══ Extracted data
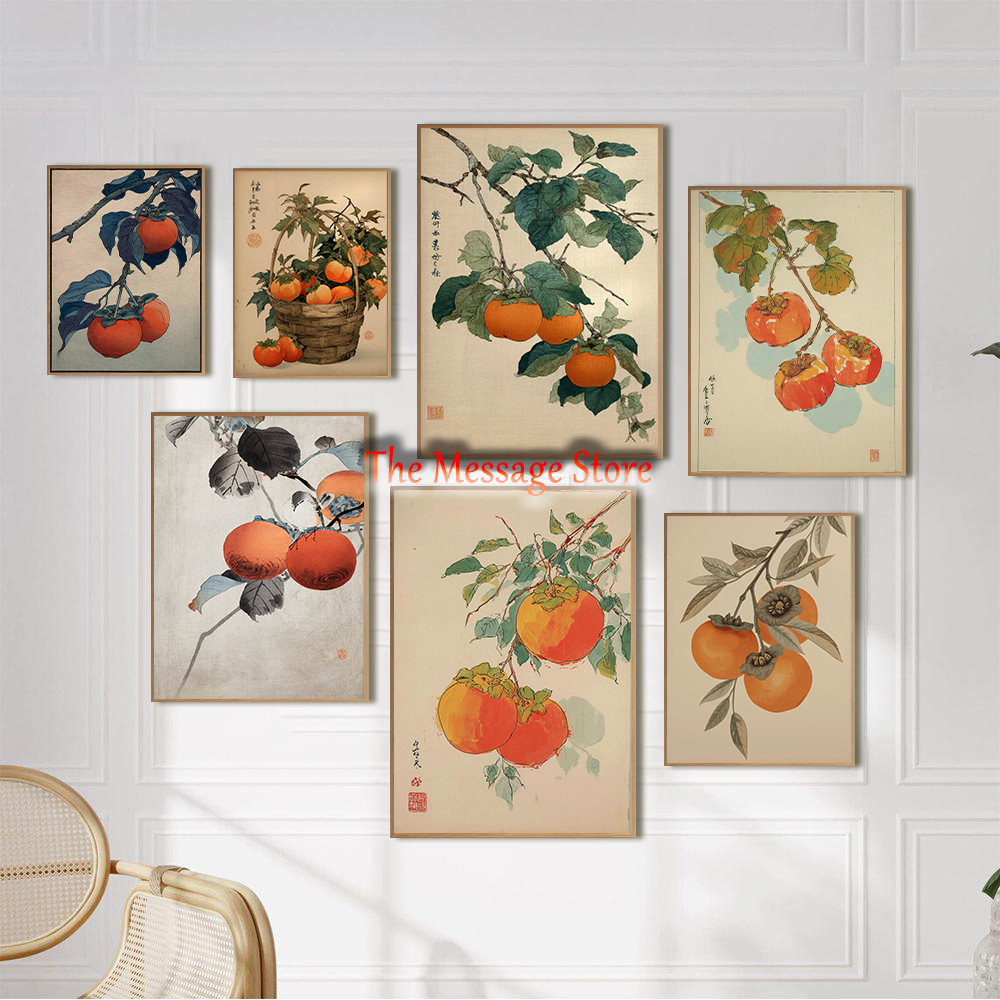 Japanese Lifestyle And Traditions - Persimmons Basket Persimmons Branch Traditional Japanese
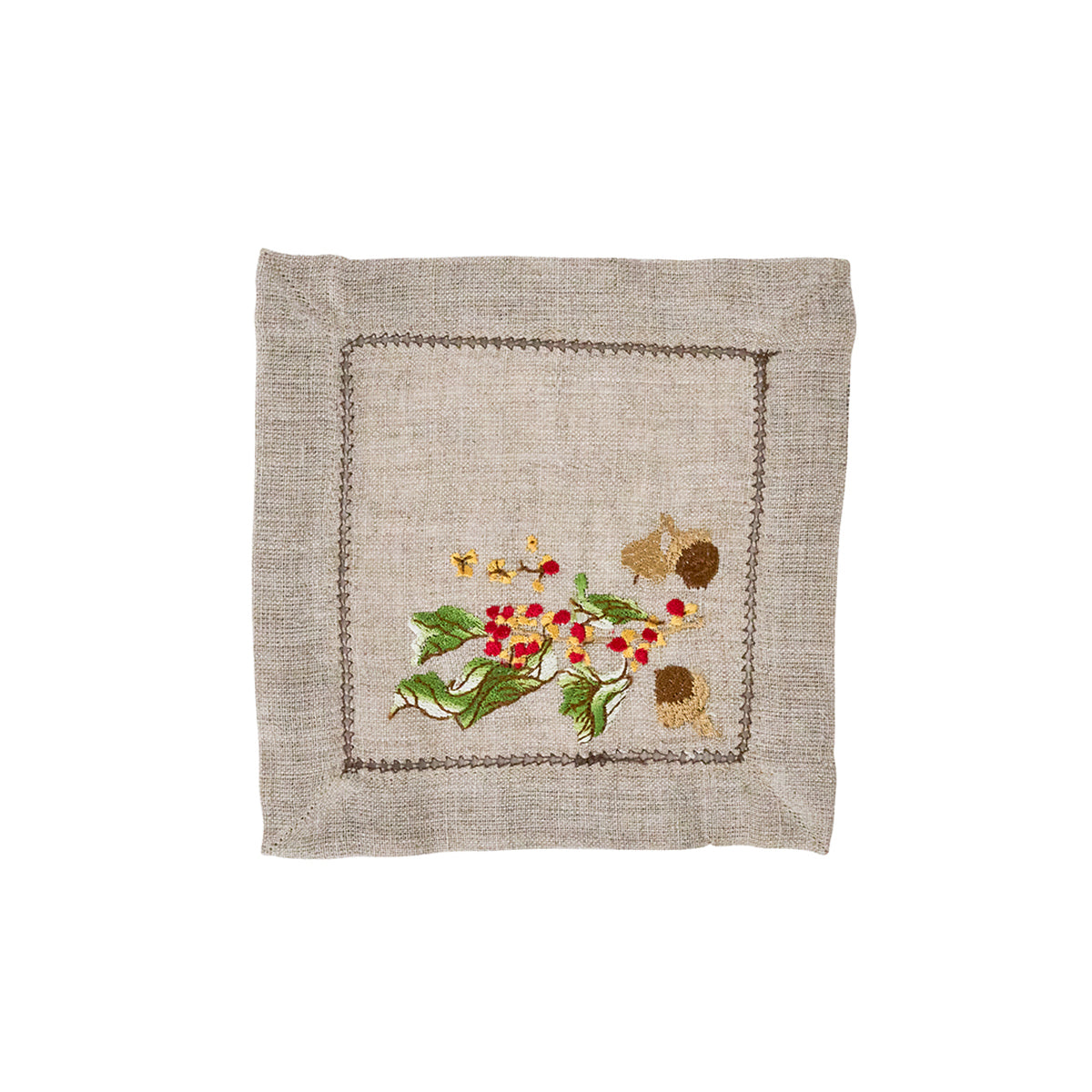 Juliska Forest Walk linen cocktail napkin embroidered with red berries, leaves and acorns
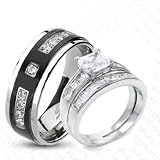 3 Pieces His & Hers, 925 Sterling Silver Rhodium Plated & Titanium Matching Engagement Wedding Bridal Ring Set. AVAILABLE SIZES men's 7,8,9,10,11,12; women's set: 5,6,7,8,9.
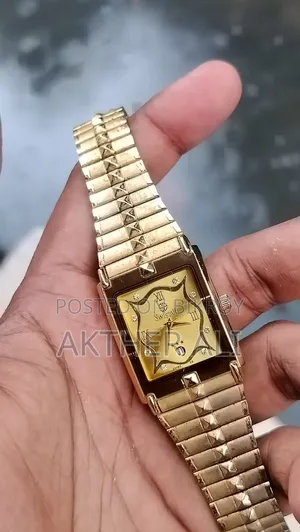 Swistar Swiss Quartz 9570M Gold-Plated Rectangle Dress Watch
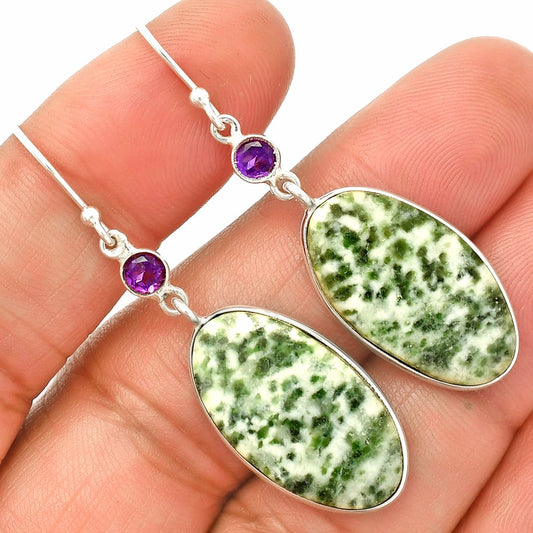 Natural Dioptase & Amethyst Earrings E-1002 SDE84061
════
Your objective: The lines running from the one with "Swistar Swiss Quartz" to the close of the material above are to be retyped exactly; no picture is to be included.

Answer below:
 Swistar Swiss Quartz 9570M Gold-Plated Rectangle Dress Watch
 Natural Dioptase & Amethyst Earrings E-1002 SDE84061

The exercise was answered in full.